-- Work request --
Retype the lines below exactly, from the one that contains "Metal Bowl Planter" through the last, and leave every picture out.

Items from a dataset
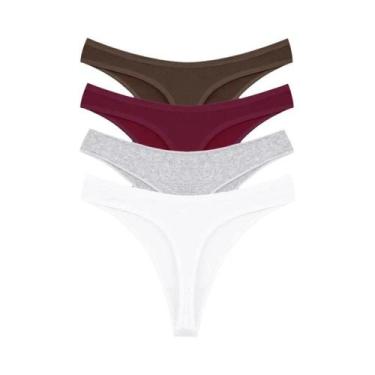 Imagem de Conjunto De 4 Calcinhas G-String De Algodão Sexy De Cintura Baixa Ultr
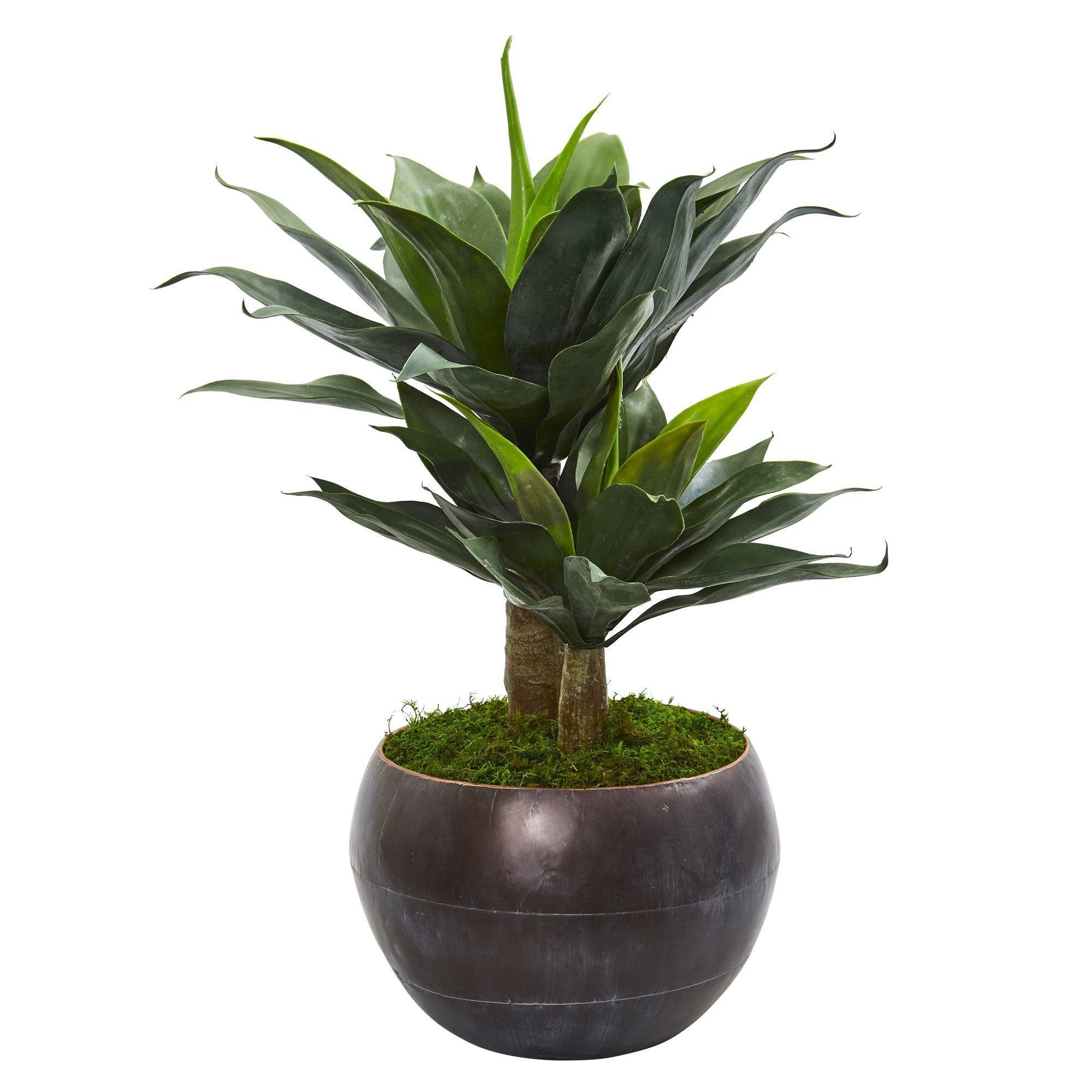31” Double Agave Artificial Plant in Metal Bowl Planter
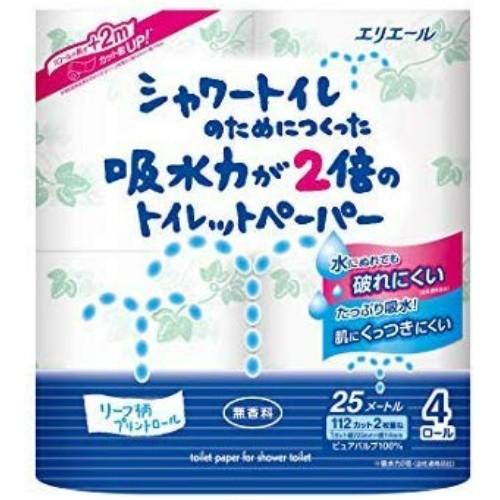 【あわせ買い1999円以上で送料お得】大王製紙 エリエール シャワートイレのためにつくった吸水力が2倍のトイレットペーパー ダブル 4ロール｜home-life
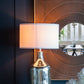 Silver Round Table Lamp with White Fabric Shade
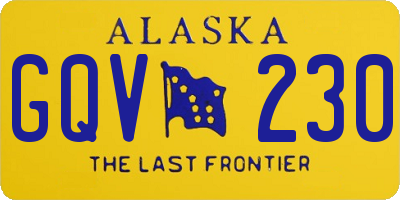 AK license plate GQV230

-- Solution for this task --
31” Double Agave Artificial Plant in Metal Bowl Planter
 【あわせ買い1999円以上で送料お得】大王製紙 エリエール シャワートイレのためにつくった吸水力が2倍のトイレットペーパー ダブル 4ロール｜home-life
 Silver Round Table Lamp with White Fabric Shade
 AK license plate GQV230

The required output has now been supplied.